The species breeds colonially on islands off the southern California coast of the United States and off the Baja Peninsula and Gulf of California of Mexico. Nesting sites are usually in rock crevices, occasionally in small burrows in soft earth. It also uses unused burrows from auklets. Colonies are attended nocturnally in order to avoid predatory birds such as gulls, hawks and owls. Like most petrels, its walking ability is limited to a short shuffle to the burrow. The female lays a single white egg per breeding season, if the egg is lost then it is replaced only rarely. Both parents share incubation duties, incubation lasting around 50 days. The chick is brooded for a few days after hatching until it is able to thermoregulate by itself, after which both parents forage to provide food.
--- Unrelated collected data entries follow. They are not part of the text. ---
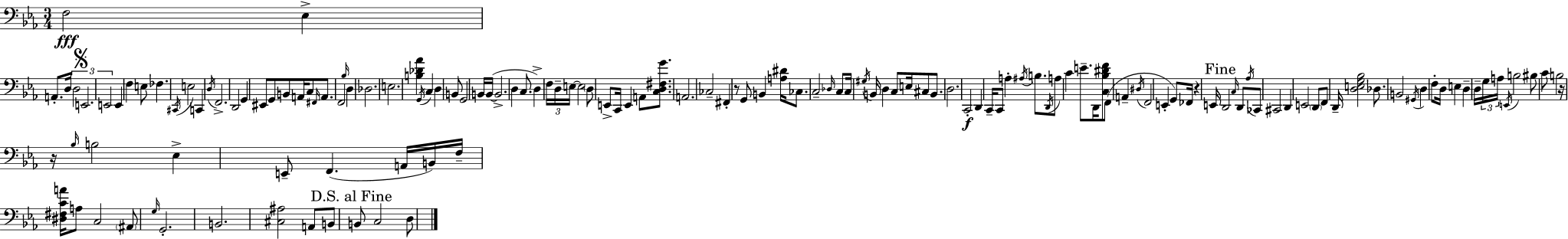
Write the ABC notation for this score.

X:1
T:Untitled
M:3/4
L:1/4
K:Eb
F,2 _E, A,,/2 D,/4 D,2 E,,2 E,,2 E,, F, E,/2 _F, ^C,,/4 E,2 C,, D,/4 F,,2 D,,2 G,, ^E,,/2 G,,/2 B,,/2 A,,/4 C,/2 ^F,,/4 A,,/2 F,,2 _B,/4 D, _D,2 E,2 [B,_D_A] G,,/4 C, D, B,,/2 G,,2 B,,/4 B,,/4 B,,2 D, C,/2 D, F,/4 D,/4 E,/4 E,2 D,/2 E,,/2 C,,/4 E,, A,,/2 [C,D,^F,G]/2 A,,2 _C,2 ^F,, z/2 G,,/2 B,, [A,^D]/4 _C,/2 C,2 _D,/4 C,/2 C,/4 ^G,/4 B,,/4 D, C,/2 E,/4 ^C,/2 B,,/2 D,2 C,,2 D,, C,,/4 C,,/2 A, ^A,/4 B,/2 D,,/4 A,/2 C E/2 D,,/4 [C,_B,^DF]/2 F,,/2 A,, ^D,/4 F,,2 E,, G,,/2 _F,,/4 z E,,/4 D,,2 C,/4 D,,/2 _A,/4 _C,,/2 ^C,,2 D,, E,,2 D,,/2 F,,/2 D,,/4 [D,E,G,_B,]2 _D,/2 B,,2 ^G,,/4 D, F,/2 D,/4 E, D, D,/4 G,/4 A,/4 E,,/4 B,2 ^B,/2 C/2 B,2 z/4 z/4 _B,/4 B,2 _E, E,,/2 F,, A,,/4 B,,/4 F,/4 [^D,^F,CA]/4 A,/2 C,2 ^A,,/2 G,/4 G,,2 B,,2 [^C,^A,]2 A,,/2 B,,/2 B,,/2 C,2 D,/2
Chicks fledge 10 weeks after hatching.

The black storm petrel spends the rest of the year at sea, but occurring closer to shore than most other storm-petrels. Because of this, it sometimes can be seen from the mainland. It undertakes a migration away from the waters surrounding its breeding colonies and, unusually, has two wintering grounds, one in the California Current off Central California and another further south off the coast of Central America as far south as Colombia and Ecuador. It is thought to migrate in this fashion in order to avoid hurricanes in its breeding grounds.

It feeds on mainly planktonic crustaceans, with a preference of larvae of spiny lobster. It will also take small fish and offal. It feeds using several techniques, including plunge diving to 1 m below the water's surface from flight, feeding while swimming on the surface, and feeding while flying. At sea it usually forages singly.

The black storm petrel is a common species, numbering several million pairs, and is not considered threatened. It has suffered losses on some of the breeding islands, particularly from feral cats and rats. Island restoration projects have removed these predators from several of its nesting islands.

It was formerly defined in the genus Oceanodroma before that genus was synonymized with Hydrobates.